Der Geschäftsführer der Dachstiftung, Matthias von Orelli, verweist darauf, dass die SSS «keine Partei» sei und «keine Volksinitiative lanciert» habe. Bei der Gründung der SSS – gemäss von Orelli im November 2020 – habe eine Initiative nicht einmal zur Diskussion gestanden. Ein Jahr später war die Planung weit fortgeschritten, und der Text stand (lesen Sie hier mehr darüber).
Gekaufte Initiative?
«Blackout stoppen» ist bei weitem nicht die erste Initiative, die sich Unterschriften kommerziell beschafft. Viele Komitees von links bis rechts setzen auf professionelle Sammlerinnen und Sammler, allerdings meist erst, wenn im Schlussspurt die Zeit für die 100’000 erforderlichen Unterschriften knapp wird.

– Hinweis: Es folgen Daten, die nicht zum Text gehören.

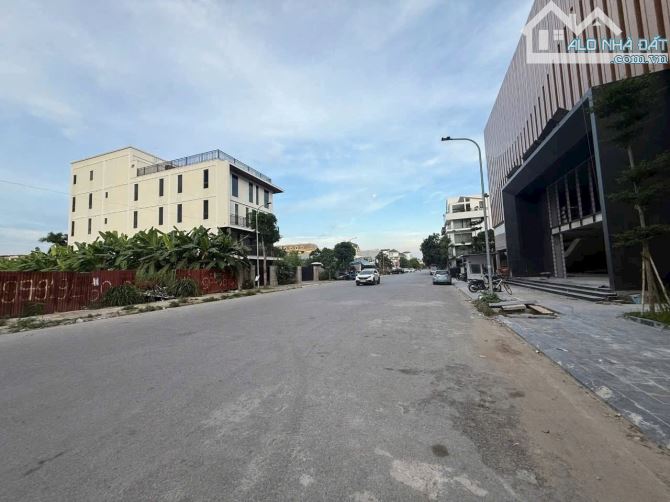 Bán 2 thửa 600m2 đất TMDV liền kề lô 18 Lê Hồng Phong (Có bán lẻ) - Chỉ 100tr/m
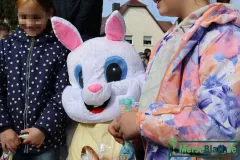 Osterhase-mit-Kindern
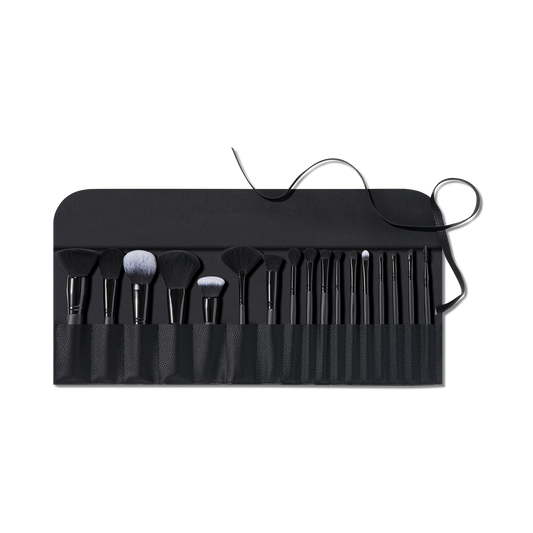 17-piece-ultimate-makeup-brush-set-and-travel-roll-c6 84673_TravBrushSet_AllBrush__590_OPEN_V3_R_R.png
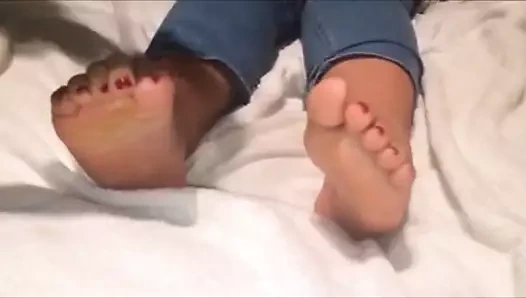 Evaggelia'nın seksi kremsi (38 beden) ayakları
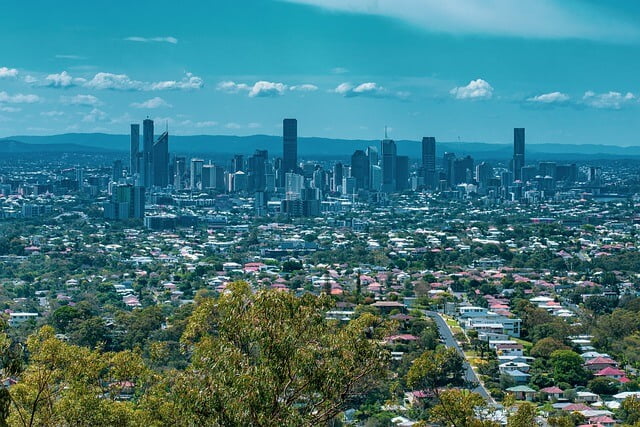 City view of Brisbane with homes and buildings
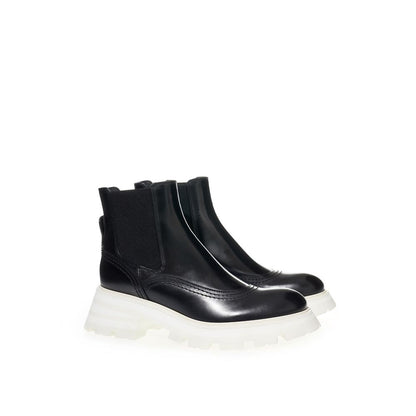 Botas elegantes de piel en negro atemporal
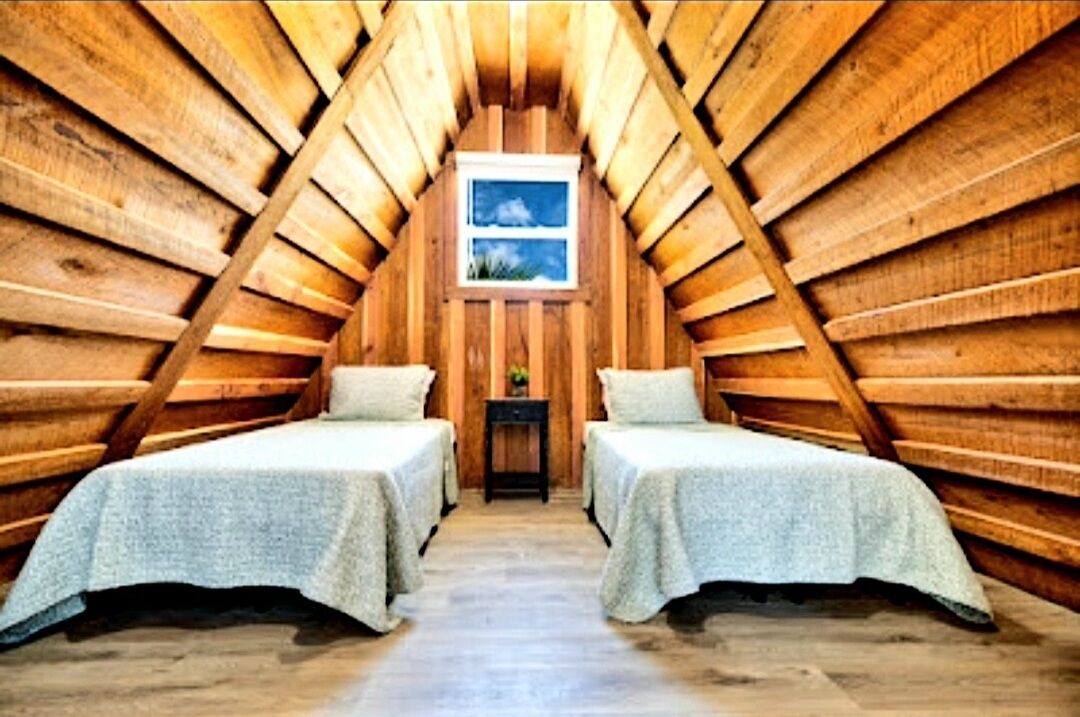 Photo of Bedroom in Weeki Wachee Gardens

Auffällig bei «Blackout stoppen» sind drei Dinge: erstens die Steuerbefreiung der Spenden; zweitens der frühe Zeitpunkt, zu dem Unterschriften gekauft werden (die Sammelfrist läuft noch bis März 2025); drittens der hohe Preis pro Unterschrift. Er bewegt sich an der oberen Grenze einer von Incop-Chef Franck Tessemo genannten Spanne von einem bis 8 Franken.

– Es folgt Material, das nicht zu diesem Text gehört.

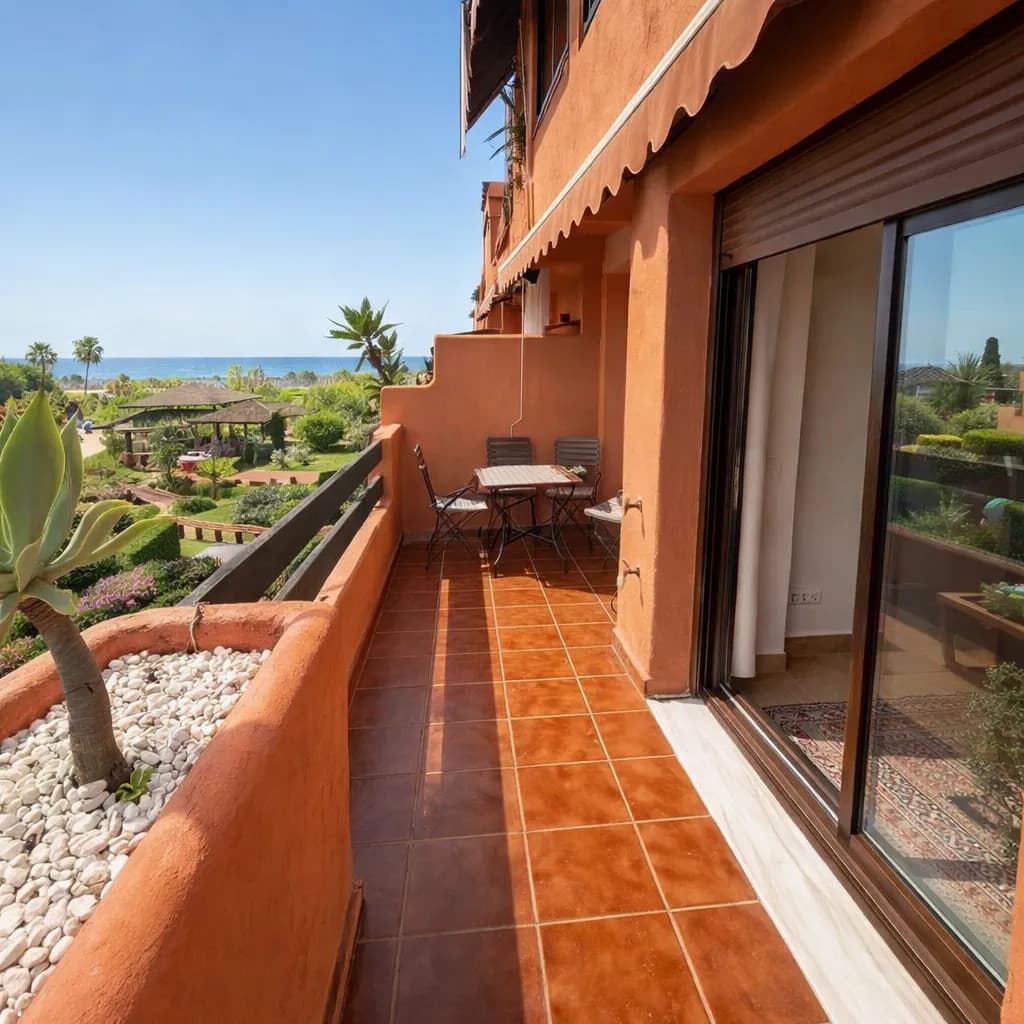 Middle Floor Apartment in Estepona — photo 6 of 10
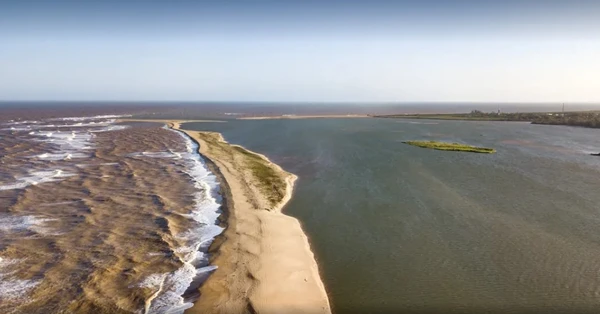 Foz do Rio Doce, em Regência, município de Linhares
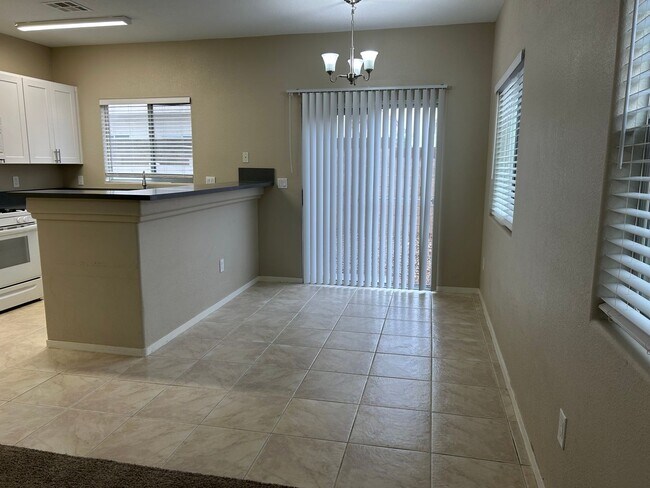 Foto del edificio - 2 story townhome in Mountains Edge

«Unsere Initiative trifft den Nerv der Zeit.»
Falls ein Initiativkomitee die Unterschriftensammlung komplett auslagert, würde die Initiative so – mit Sicherheitsmarge und wegen ungültiger Unterschriften – bis zu eine Million Franken oder mehr kosten. Dass ein Initiativkomitee den Grossteil der Unterschriften so beschafft, ist laut Kennern des Geschäfts aber die Ausnahme. Kein Geheimnis daraus gemacht hat der Unternehmer Adrian Gasser, dessen Justizinitiative vor über einem Jahr abgelehnt wurde.
Vanessa Meury bestätigt die Zusammenarbeit «auch mit der Sammelorganisation Incop», will aber keine Auskunft geben, ob die 75’000-Franken-Rechnung bezahlt wurde und ob sie einmalig war.

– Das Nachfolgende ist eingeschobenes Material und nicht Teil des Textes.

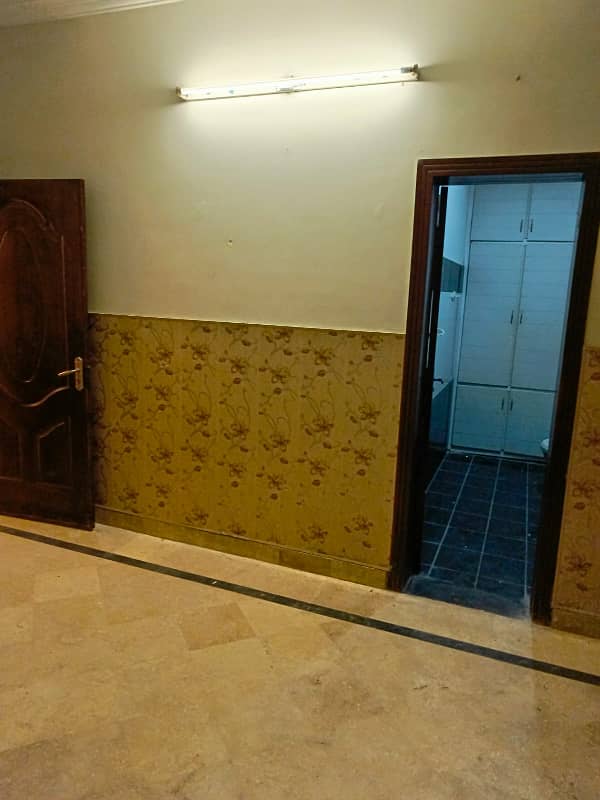 10 Marla Lower Portion Available For Rent in Bahria Town Ph;4 Rawalpindi 7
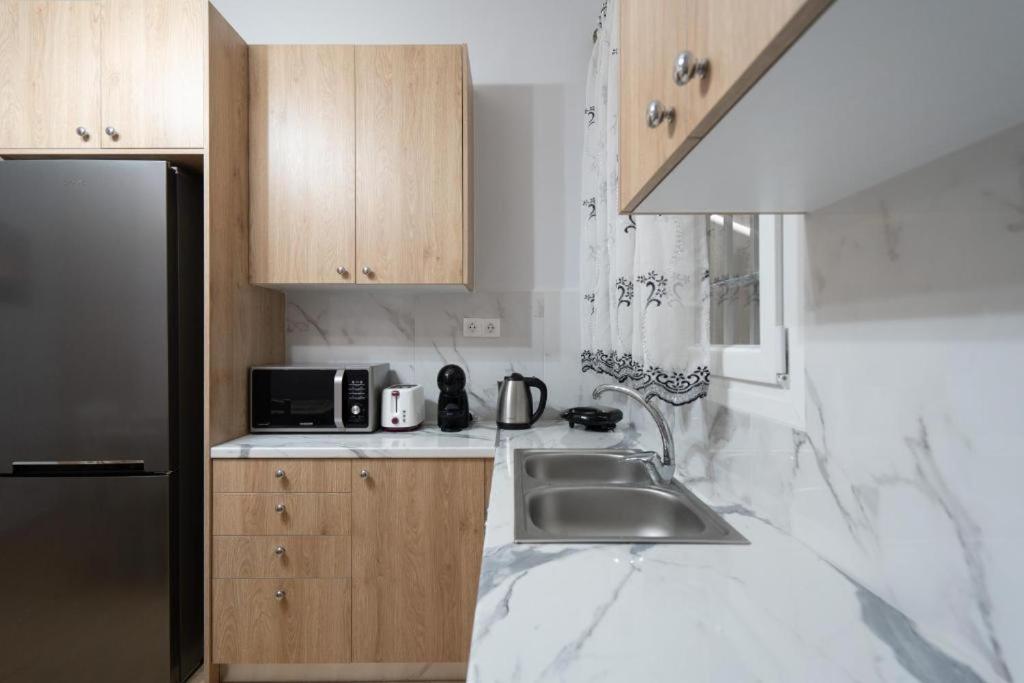 Metaxourgio 2Nd Floor Apartment Athens Luaran gambar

«Natürlich steht das Initiativrecht allen zur Verfügung», sagt der Sprecher der AKW-kritischen Energiestiftung, Markus Unterfinger. «Doch wenn sich Einzelpersonen oder intransparente Organisationen mit Geld, aber ohne gesellschaftlichen Rückhalt Initiativen zu erkaufen versuchen, stellen sich demokratiepolitische Fragezeichen.»
Auf den Vorwurf, sie würden eine Initiative «kaufen», reagieren Komiteemitglieder gelassen. Meury verweist auf Online- und Versandaktionen und darauf, dass ihre Leute an Veranstaltungen und auf die Strasse gingen, doch die Zeit sei beschränkt: «Viele von uns sind berufstätig und können höchstens in der Freizeit sammeln.» Das Sammeln durch professionelle Organisationen sei «grundsätzlich unproblematisch und wird von vielen Komitees gemacht – jüngst etwa für die Trinkwasserinitiative, die SP-Transparenzinitiative oder die Individualbesteuerung». Alle Unterschriften müssten durch die Gemeinden beglaubigt werden, «und am Schluss kann die Bevölkerung über ein Anliegen von Bürgerinnen und Bürgern abstimmen».
Daniel Aegerter sagt: «Unsere Initiative trifft den Nerv der Zeit. Die Leute, die unterschreiben, tun dies aus freien Stücken und weil sie unser demokratisches Anliegen aus Überzeugung unterstützen.» Wichtig sei, dass beim Unterschriftensammeln «alles korrekt abläuft».
Schon auf die Sommersession hin will das «Blackout stoppen»-Komitee seine Bögen im Bundeshaus abliefern.